### Action item
Copy the records word for word, omitting all pictures.

════════

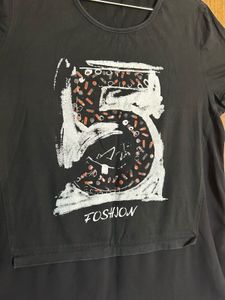 T-shirt With Odd Number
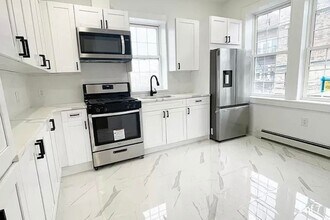 452 64th St in West New York, NJ - Building Photo - Building Photo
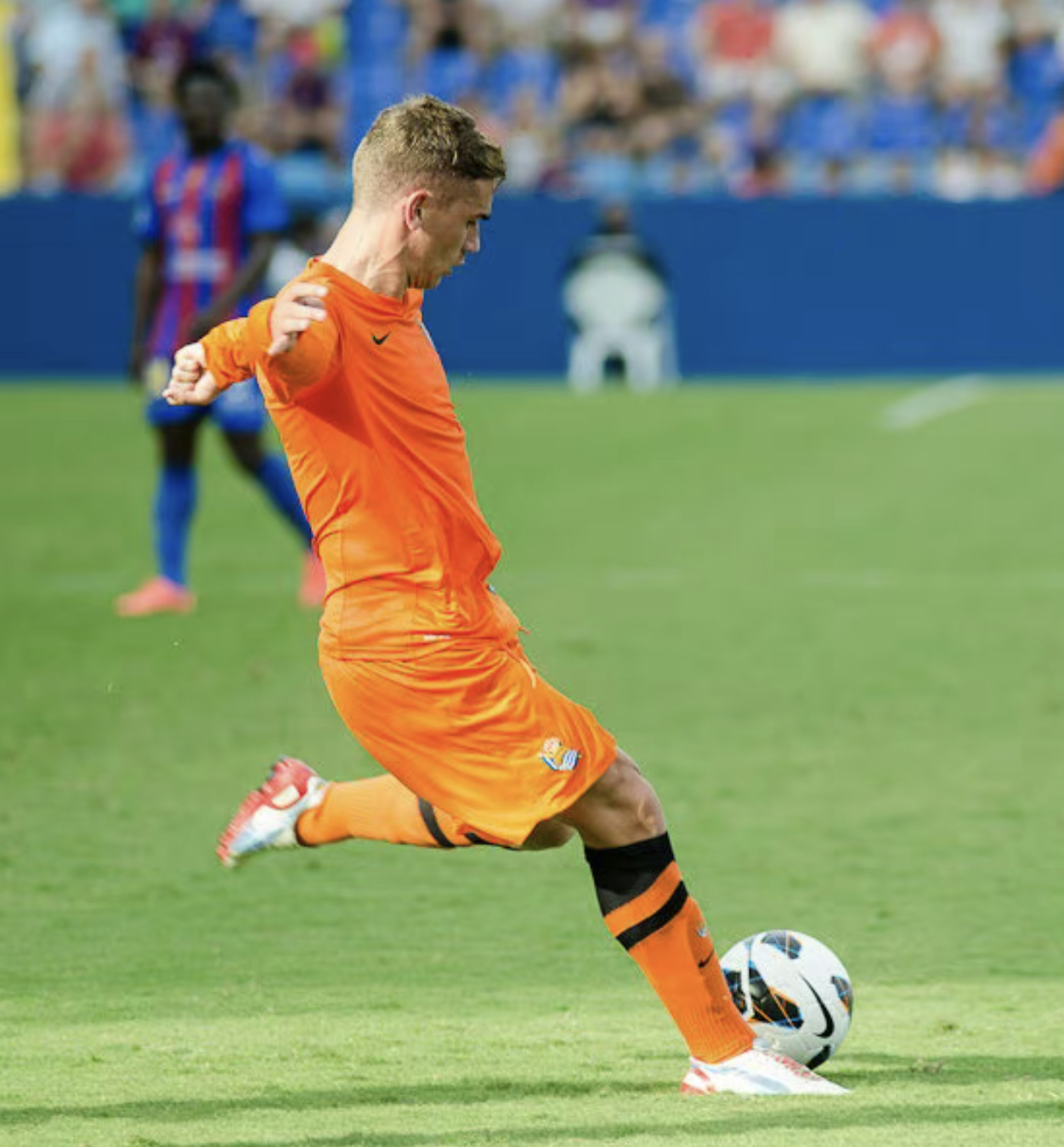 里昂力克曼城，格列兹曼状态火热的简单介绍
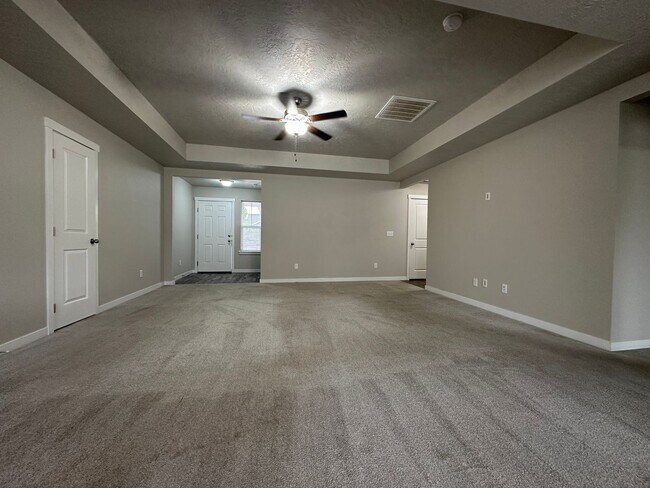 Building Photo - 3bed, 2bath, 1452sq.ft. 2-car garage home ...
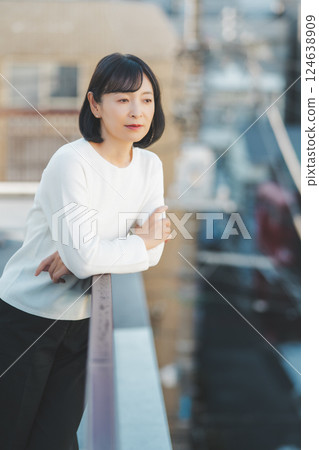 一位中年女性正在享受新鮮空氣 124638909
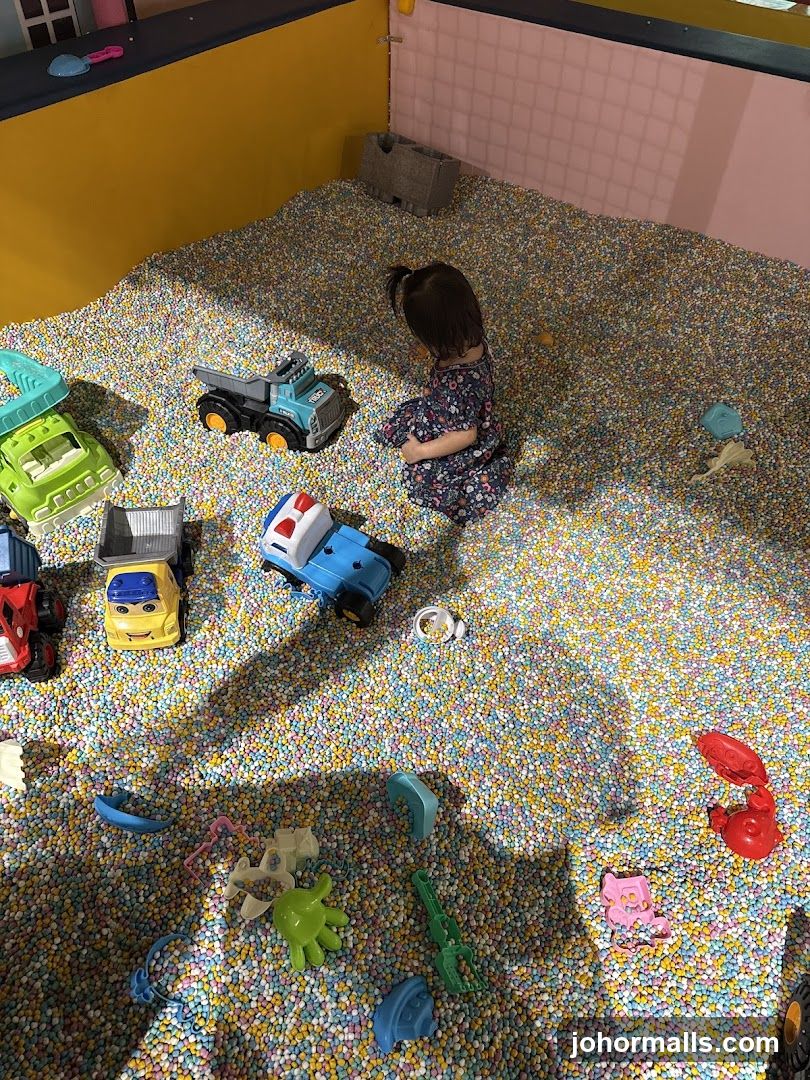 Ball Pit with Toys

════════

### Solved exercise
 T-shirt With Odd Number
 452 64th St in West New York, NJ - Building Photo - Building Photo
 里昂力克曼城，格列兹曼状态火热的简单介绍
 Building Photo - 3bed, 2bath, 1452sq.ft. 2-car garage home ...
 一位中年女性正在享受新鮮空氣 124638909
 Ball Pit with Toys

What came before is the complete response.